OPINIÃO – DEMOCRACIA COMEÇA PELA ÉTICA DOS JUÍZES – MINISTRO APOSENTADO CELSO DE MELLO – 19/12/2025

Postagem 19/12/2025 – 22 horas

“A Democracia Começa Pela Ética dos Juízes: Código de

Conduta Não Enfraquece o STF. Fortalece-o imensamente”

1. Integridade e imparcialidade como fundamentos da legitimidade e autoridade dos magistrados em geral

A[JI1]  legitimidade de um tribunal constitucional não se exaure na autoridade formal que a Constituição lhe confere. Ela se ancora, sobretudo, na confiança pública permanente quanto à independência, à imparcialidade e à integridade moral de seus julgadores. Em democracias constitucionais maduras, tal confiança não é presumida nem automática: constrói-se, preserva-se e renova-se mediante regras claras, condutas exemplares e transparência institucional.

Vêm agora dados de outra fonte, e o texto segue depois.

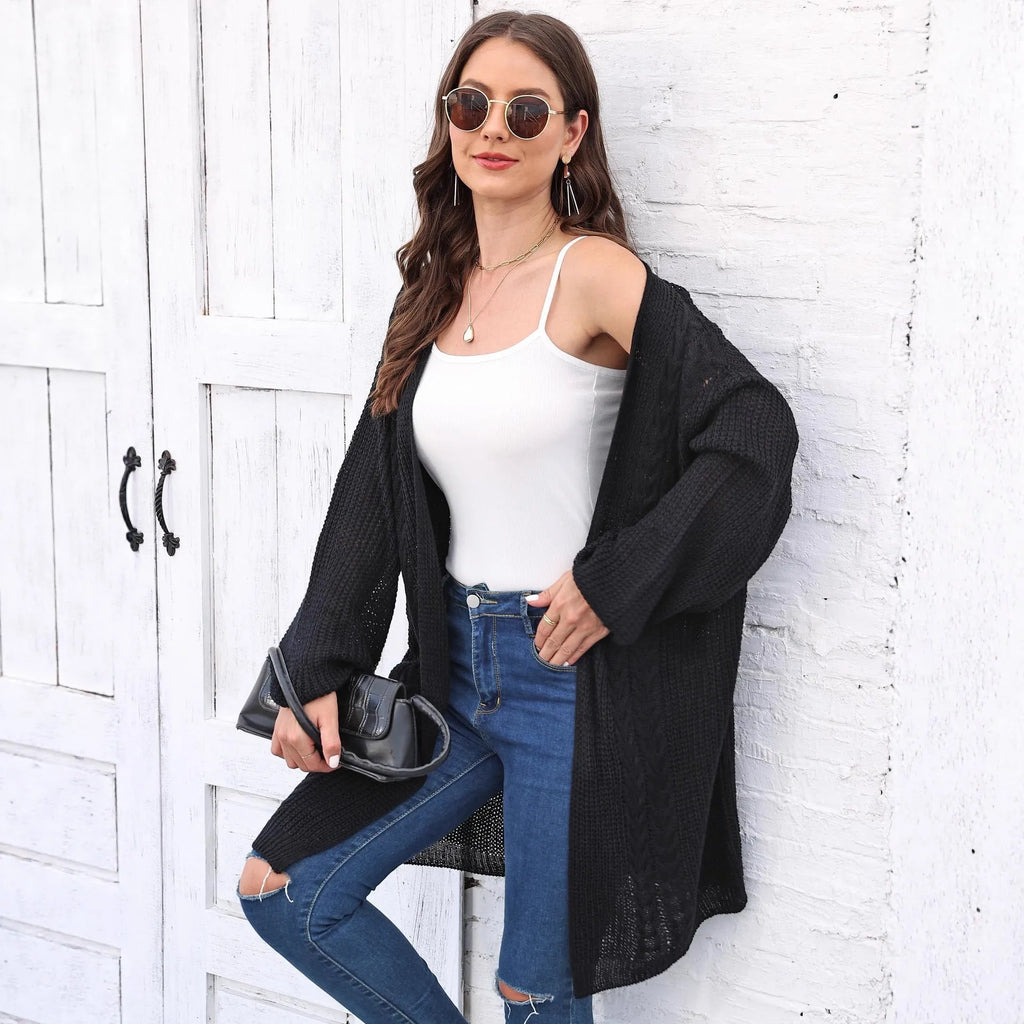 Women's loose longline acrylic cardigan sweater coat in a solid colour.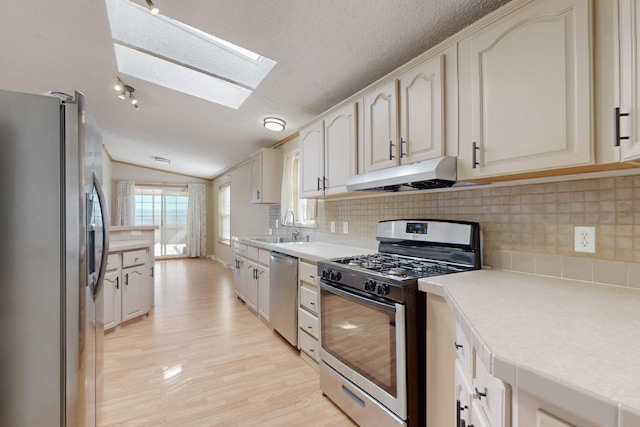 kitchen featuring lofted ceiling with skylight, appliances with stainless steel finishes, light countertops, under cabinet range hood, and a sink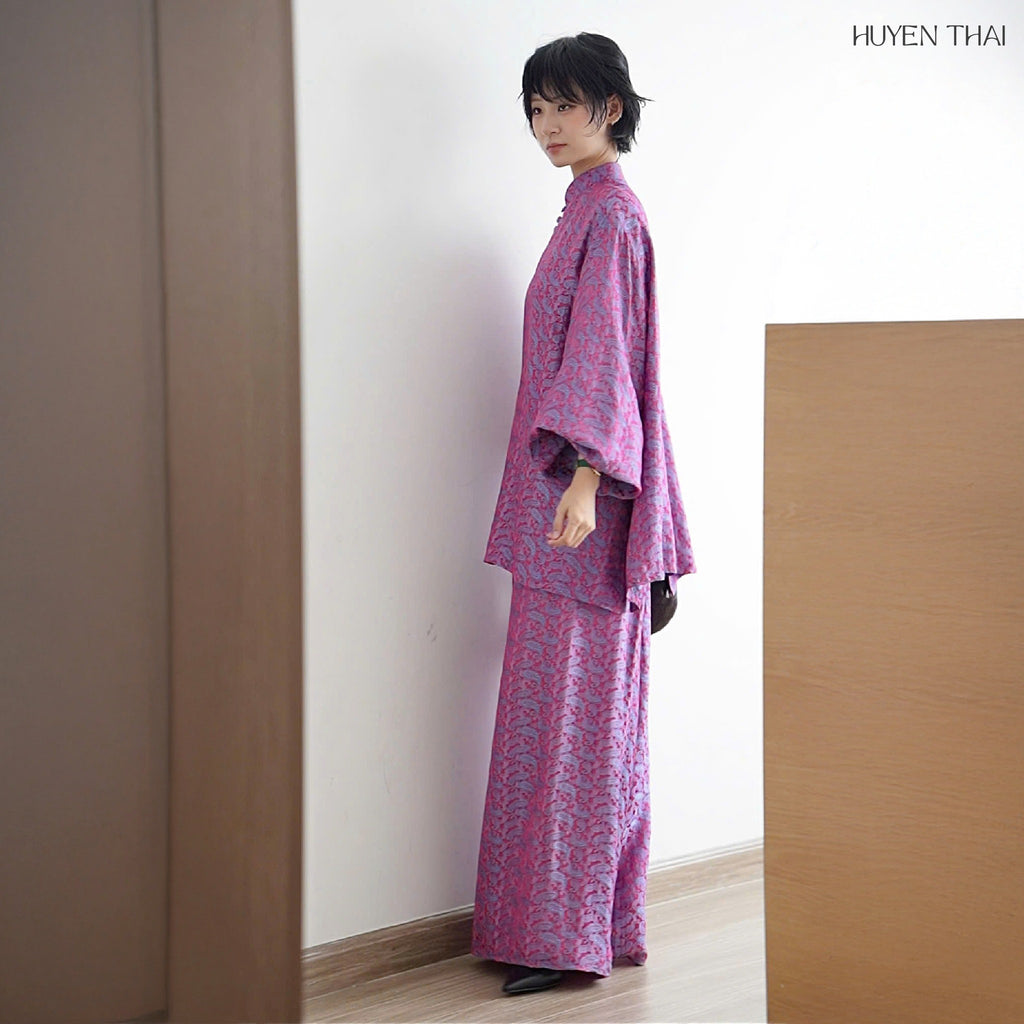 "KY Ao-Ngan Ao dai in violet pink wormsilk, modern jacquard pattern, Vietnamese artisan design"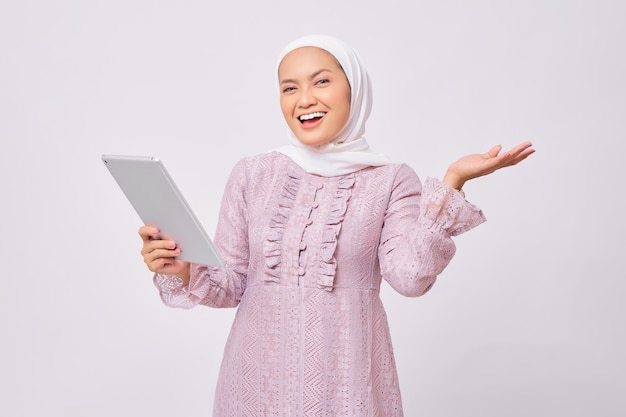 Portret van glimlachende mooie jonge Aziatische moslimvrouw die hijab en paarse jurk draagt die digitale tablet vasthoudt en hand presenteert op kopieerruimte geïsoleerd op witte studio achtergrond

É nesse contexto que se insere, com especial relevo, a iniciativa do Ministro Edson Fachin, Presidente do Supremo Tribunal Federal, orientada à adoção de um Código de Conduta para os Ministros do STF. Trata-se de providência de elevada densidade republicana, coerente com pronunciamentos públicos por ele proferidos — inclusive quando de sua posse na Presidência da Corte — e alinhada às melhores práticas observadas nas democracias constitucionais contemporâneas. Por sua inequívoca relevância institucional, essa iniciativa deve ser apoiada pela sociedade, pela comunidade jurídica e pelos meios acadêmicos, pois visa resguardar não apenas a dignidade pessoal dos Ministros, mas, sobretudo, a respeitabilidade do próprio Supremo Tribunal Federal.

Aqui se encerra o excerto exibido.